Se la veía entusiasmada y nerviosa, como un potrillo ansioso por dar una galopada matinal.
– Ayer fue uno de los días más estimulantes que he vivido, Will. Fue increíble.
Él la miró a través de la bruma de su malestar.
– ¡Mentalmente estimulante! -precisó ella, exasperada, pero, en un susurro apenas audible entre los ruidos que hacía el ama de llaves al limpiar, añadió-:Y físicamente también.
– Recuerda -le dijo él, con toda la gravedad de que fue capaz- que no puedes divulgar nada de esto. Si lo haces, hay unas personas muy serias que te pararán los pies.
– ¿No crees que el resto del mundo debería saberlo? ¿Conocer la verdad no es un derecho universal? -Curvó los labios en una sonrisa radiante-. Por no mencionar que eso catapultaría mi carrera de forma espectacular.
– Por tu bien y por el mío, te ruego que no sigas por ahí. Si no me lo prometes, me marcharé hoy mismo, me llevaré el poema y nunca llegaremos al fondo de este asunto. -No bromeaba.
– De acuerdo -accedió ella, haciendo un mohín-. ¿Qué le digo al abuelo?
– Que la carta es interesante pero no arroja luz sobre el libro. Invéntate lo que sea. Algo me dice que tienes mucha imaginación.

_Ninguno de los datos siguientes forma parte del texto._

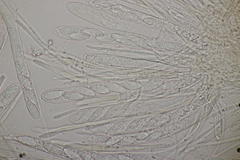 Lachnellula occidentalis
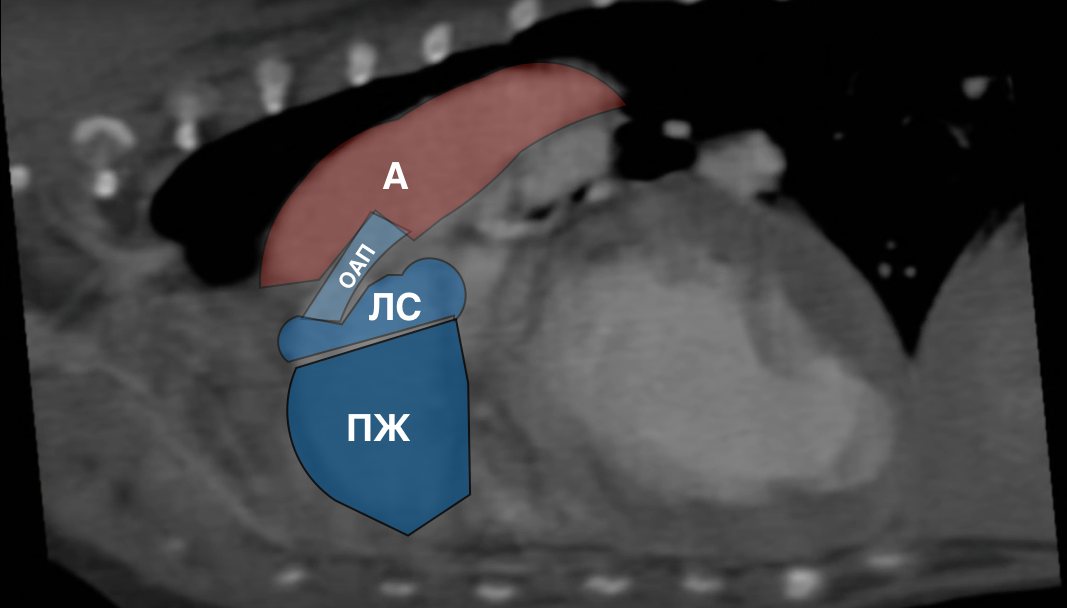 Рисунок 3а КТ-ангиография с пояснениями. Двухмерное изображения ОАП. А – аорта, ОАП – открытый артериальный проток, ЛС – лёгочный ствол, ПЖ- правый желудочек.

Empezaron la jornada recorriendo la casa en busca de algo remotamente interesante. Will se llevó consigo otra taza de café para el camino, lo que a Isabelle le pareció muy típico de un estadounidense. La planta baja de Cantwell Hall era bastante intrincada. En el ala de la cocina, en la parte posterior de la casa, había una serie de despensas y habitaciones de servicio que no se utilizaban. El comedor, una habitación bien proporcionada que daba a la parte delantera, estaba entre la zona de la cocina y el vestíbulo. Will, que se había pasado todo el día anterior en el gran salón y la biblioteca, pudo ver esa mañana otra estancia grande y formal con vistas al jardín trasero, otro salón, que también llamaban «sala francesa» y que contenía una rancia colección de muebles y piezas ornamentales francesas del siglo XVIII. Daba la impresión de que apenas la usaban o entraban en ella. Además, Will descubrió que la gran sala carecía de ventanas porque su pared exterior ya no formaba parte de la fachada de la casa. En el siglo XVII se había construido una galería larga que comunicaba la casa con unas caballerizas que se habían reacondicionado hacía tiempo como salón de banquetes.